Mail volumes have nearly halved over the past 15 years - more than in any other European country - as rising stamp prices and high internet penetration drives customers to electronic communication.
In a letter to parliament on Monday, caretaker Dutch Economy Minister Henk Kamp suggested revising long-standing practices, including daily mail delivery, tarrifs and cooperation in delivery.
PostNL shares rose as much as 4.3 percent to 4.27 euros ($4.86), outperforming the pan-European stoxx 600. Shares are flat year-to-date after gaining 17 percent over 2016, outperforming the Dutch benchmark AEX index
Kamp’s letter cites a report analyzing the Universele Postdienstverlening (UPD), a public service obligation held by PostNL requiring it to service rural areas which are less profitable due to high delivery costs.
His suggestions, including servicing sparsely populated areas through cooperation and reducing delivery requirements from five to two- to three times per week, would allow PostNL to lower operating costs, KBC analyst Ruben Devos said.
PostNL’s European peers such as Royal Mail and Deutsche Post are also shifting focus away from a deteriorating core business.
Belgian peer Bpost tried to acquire PostNL this year, saying a combined company would be a major European player with cost efficiencies.

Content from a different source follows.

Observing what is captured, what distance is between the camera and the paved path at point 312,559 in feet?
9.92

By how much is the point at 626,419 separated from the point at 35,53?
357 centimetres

But the 2.54 billion euro bid fell through after PostNL management said it lacked political support and would hurt profit.
Kepler Cheuvreux analyst Andre Mulder said Kamp was on his way out and reducing mail delivery days would require approval by all EU countries.
Kamp, a member of the liberal VVD of outgoing Prime Minister Mark Rutte, also said in the letter that the decision was not his to make but that of his successor.